Sunday, June 10, 2007
Gang Warily, Drummond
That handsome shield you see at the top is the ancestral coat of arms for the family Drummond. Normally, I would not pay all that much attention to heraldry, as it is as dead a matter for most people as studying Latin, or expecting Al Gore to actually cite his sources for the outrageous claims he makes. But I have discovered a bit about my family’s beginnings, which seems strangely familiar to me.
The first known Drummond appears to be a fellow named Maurice, the commander of the vessel which saved Edgar the Atheling and his sisters from the usurper Harold. Maurice, it seems, was the son of George, and a grandson of Andrew, the king of Hungary. The passage was difficult and it seems Maurice was pursued fro a while by Harold’s men. When the passengers were brought safely to Scotland, it is said that for his gallantry in the mission, Maurice was given the name Drum-onde, which in Gaelic means a high wave, and his coat of arms features three wavy bars to symbolize the sunset waves of the North Sea. Fanciful perhaps, but interesting to me.
It is also interesting to note that Sir Malcolm de Drummond was attached firmly to the cause of Robert the Bruce, and at Bannockburn it was Malcolm who devised the way to unseat the feared English cavalry – by spreading caltrops before the horses.
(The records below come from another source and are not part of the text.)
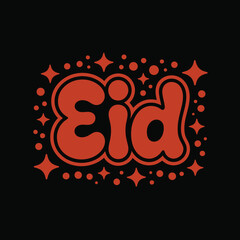 Red " Eid" Text with Stars and Circles on Black islam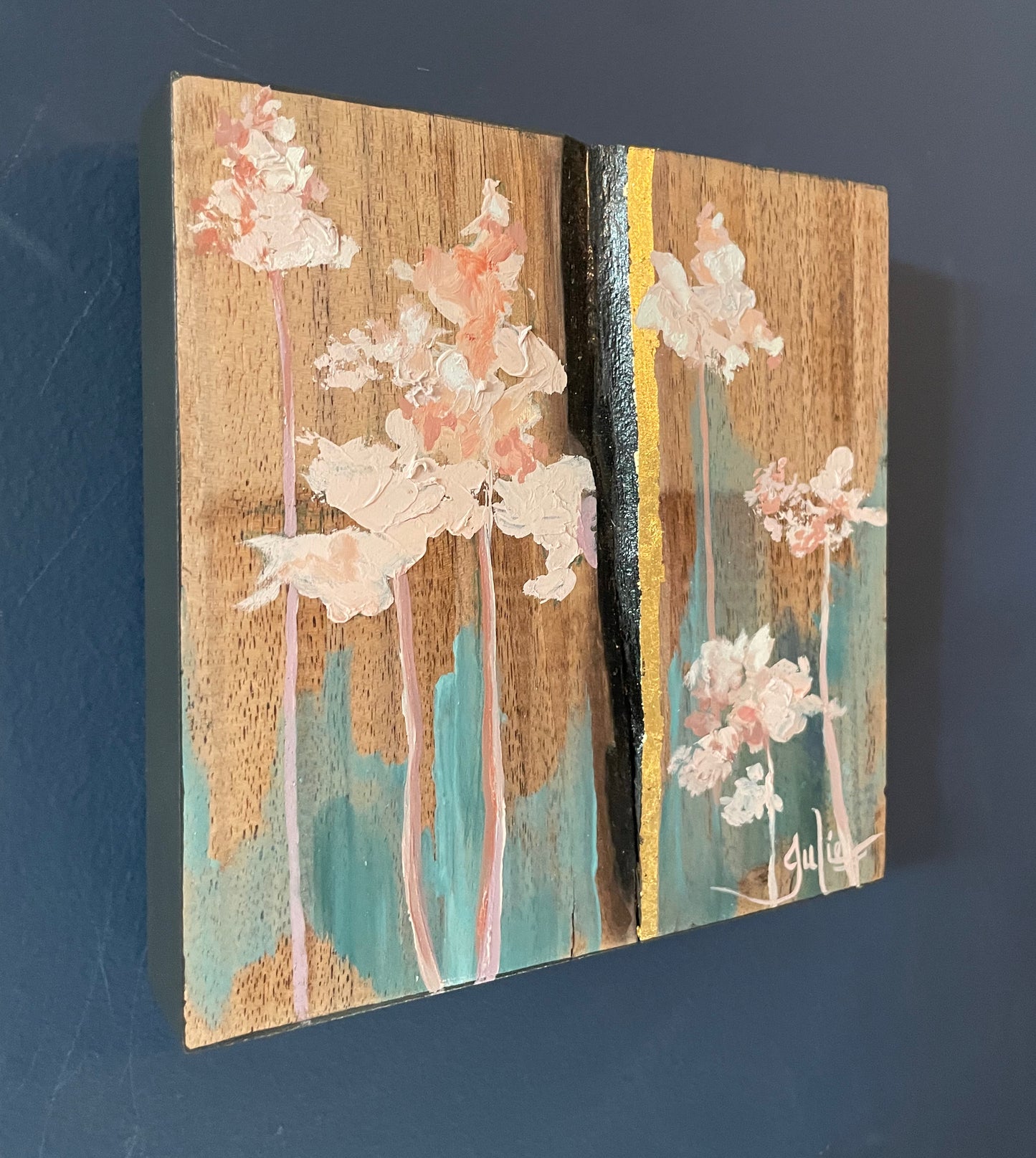 Between Stillness and Strength - Solid Walnut Mixed Media Painting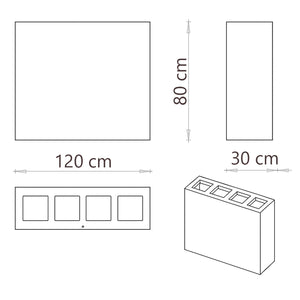 Pattumiera per Raccolta Differenziata 4 Scomparti Capacità 240 lt 120x30x80 cm in Acciaio Corten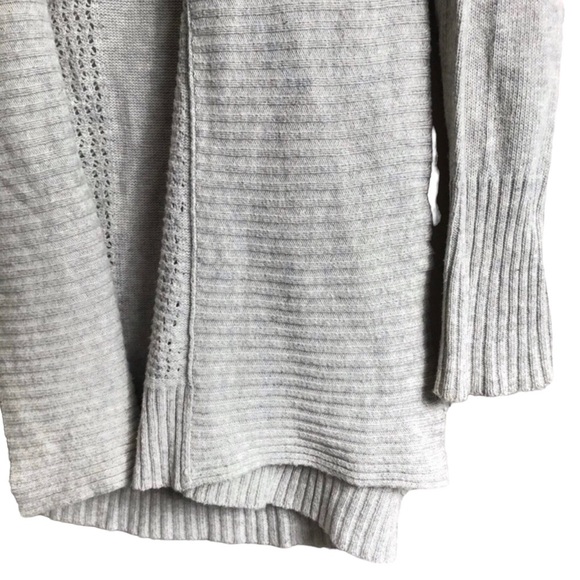 Anthropologie Moth XS Open Front Gray Oversized Sweater Cardigan Cozy Layering - Picture 3 of 5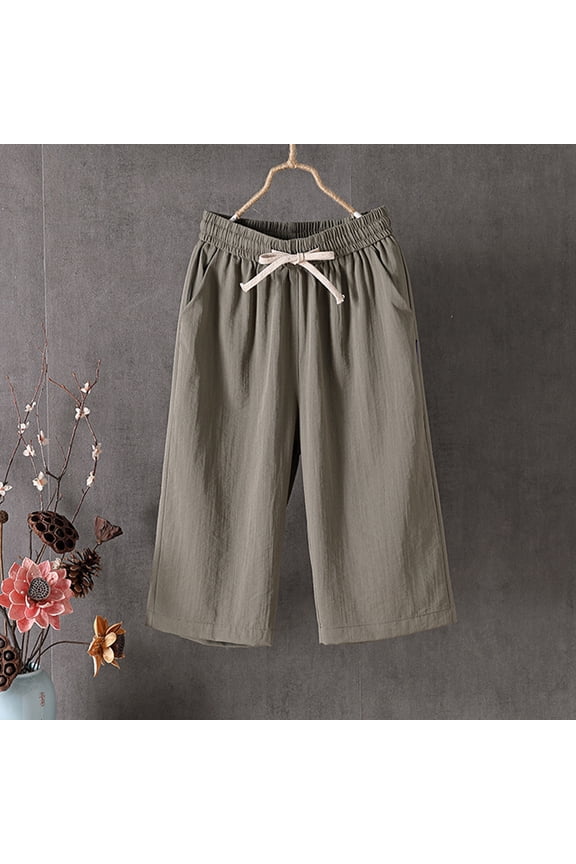 Capri Pants for Women Plus Size 2024,Spring Summer Women's Casual Elastic Forces Waist Pockets Cropped Trousers Cotton Pants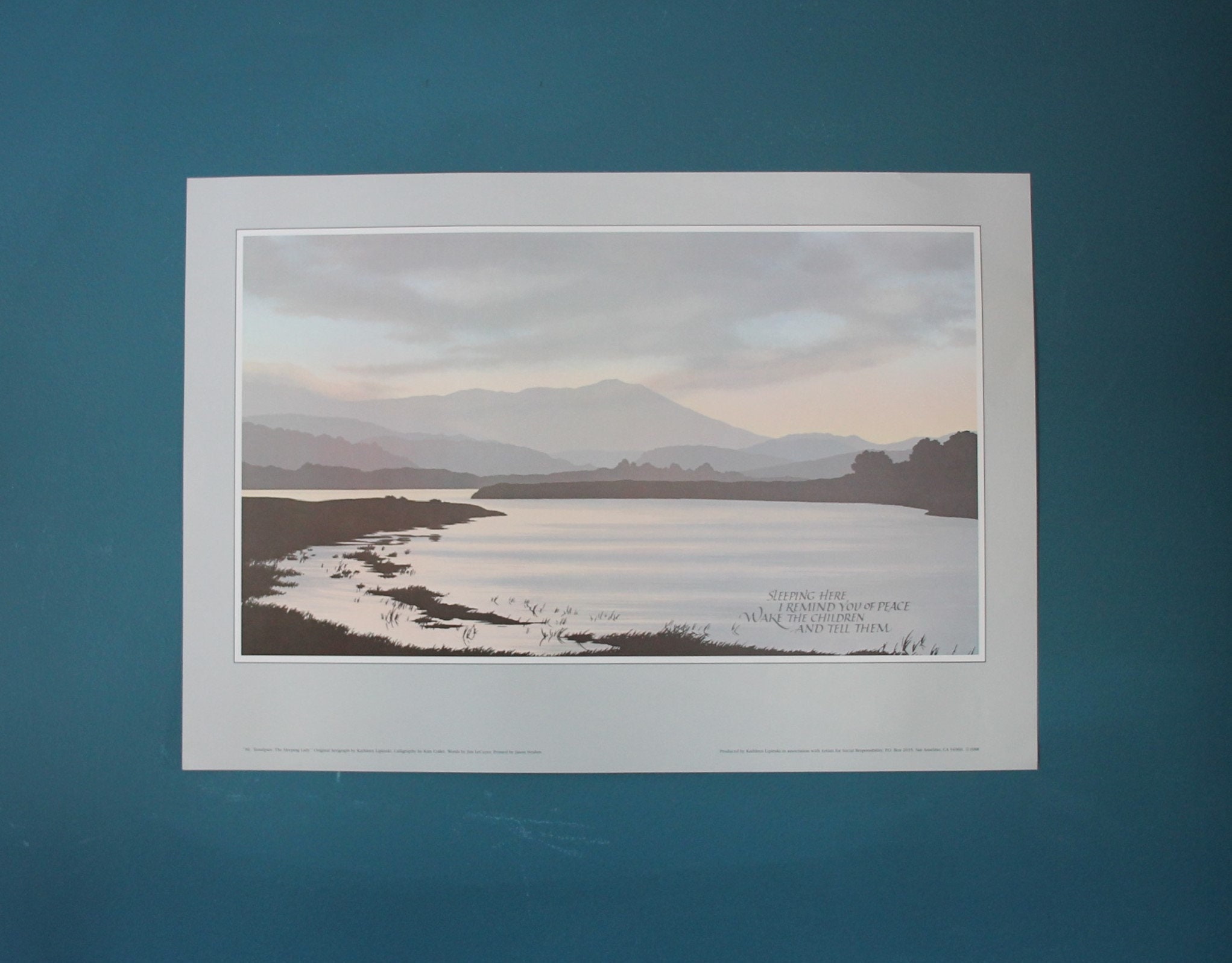 Environmental Peace Print Sleeping Lady Mount Tamal Serigraph Kathleen Lipinski 1988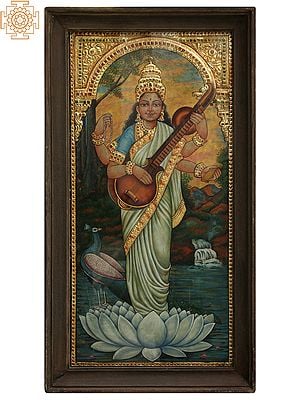 26" Maa Saraswati Standing on White Lotus | Tanjore Painting with Frame | Art by Rajaraman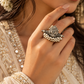 "Maa" Oxidised Long Ring With Stone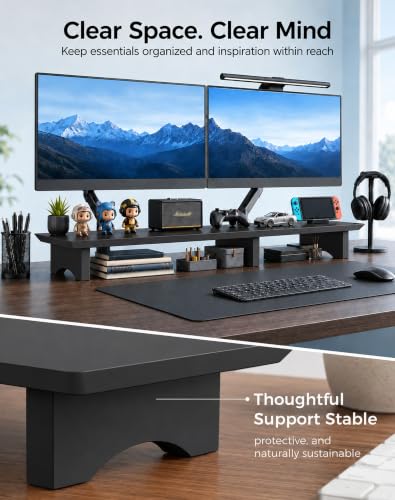 Image of Aothia 43 in Black Solid Wood Dual Monitor Stand, Monitor Riser for Desk | Dual Monitor Riser With Storage Below; Desk Shelf Organizer For Keyboards And Accessories
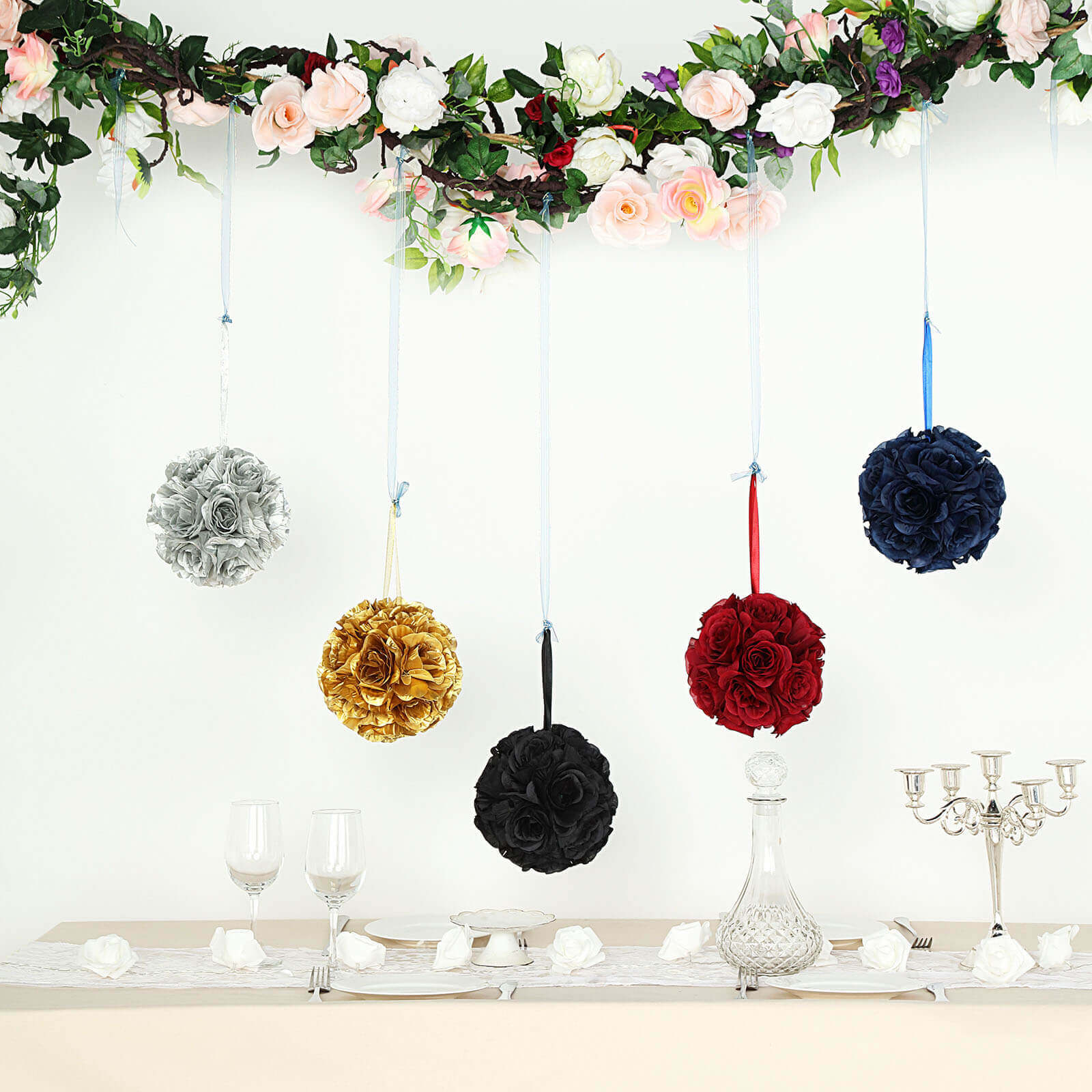 2 Pack 7" Black Artificial Silk Rose Kissing Ball, Faux Flower Ball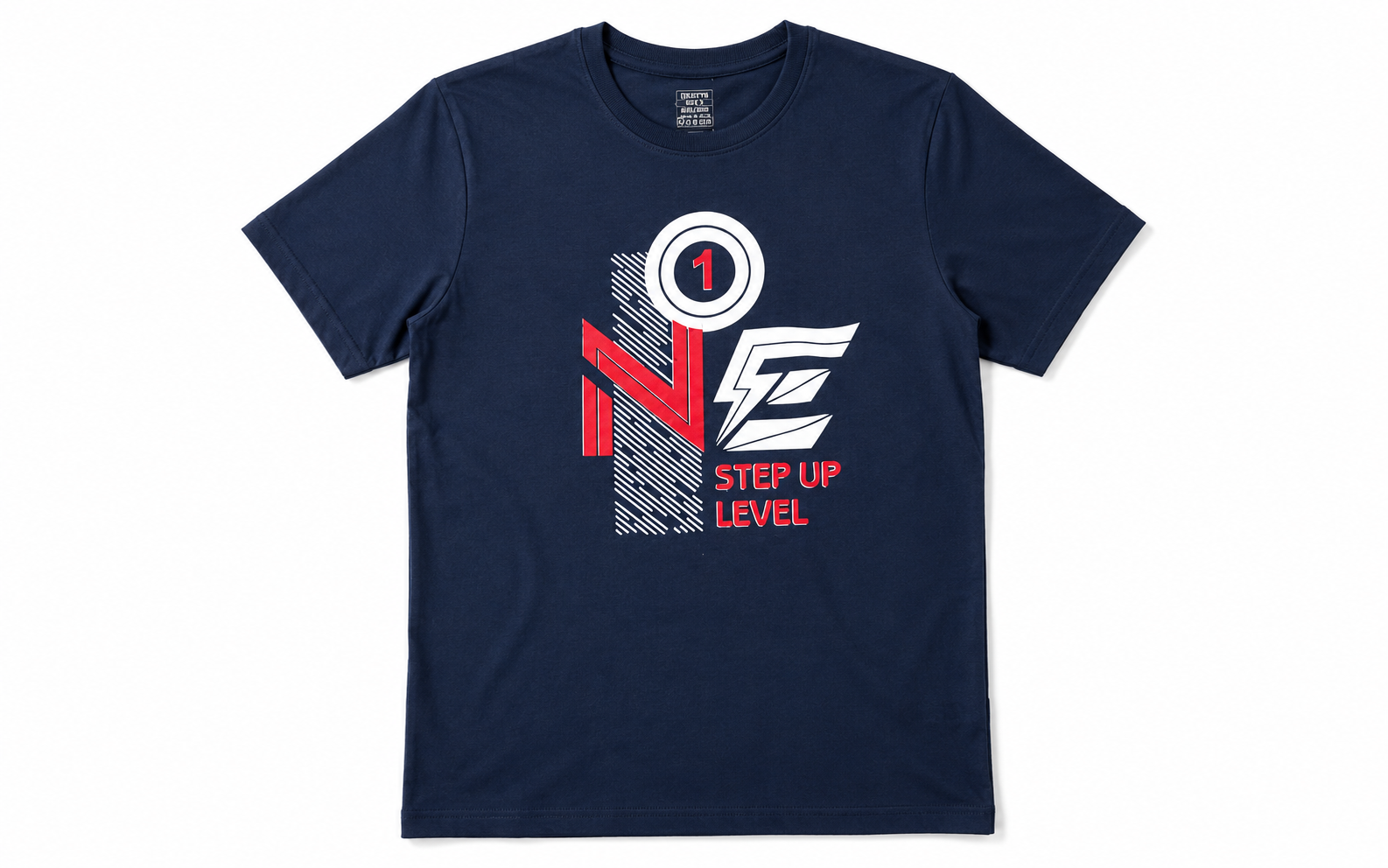Men's Step Up Level Graphic Printed Round Neck T-Shirt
Explaining his plan to Robert before the battle, Drummond warned the men who would fight near him to “gang warily” – that is, to watch their step since he would have caltrops all over the place. That’s how that motto got onto the family seal.
The Drummonds made a name for themselves as stout defenders of Scotland’s freedom from England. They were also strong supporters of the Jacobites, and found themselves in many battles because of it. Reading through the family legends from ancient times, and recalling stories my father passed along from our recent years, I was struck by how often my family has been loyal to causes, well beyond the point where men more frail in their convictions would flee. I was also well aware that my family gets into scraps far more often than ordinary folk do, and well beyond the number which prudence would commend. With that in mind, it seems to me no surprise at all to find that I am no deserter from President Bush, simply because turning coats has gained fashion among Republicans, nor that my words should – often – cause a protest and controversy.
I am my father’s son. And near as I can tell, that has been our tradition for going on eight centuries, at the least.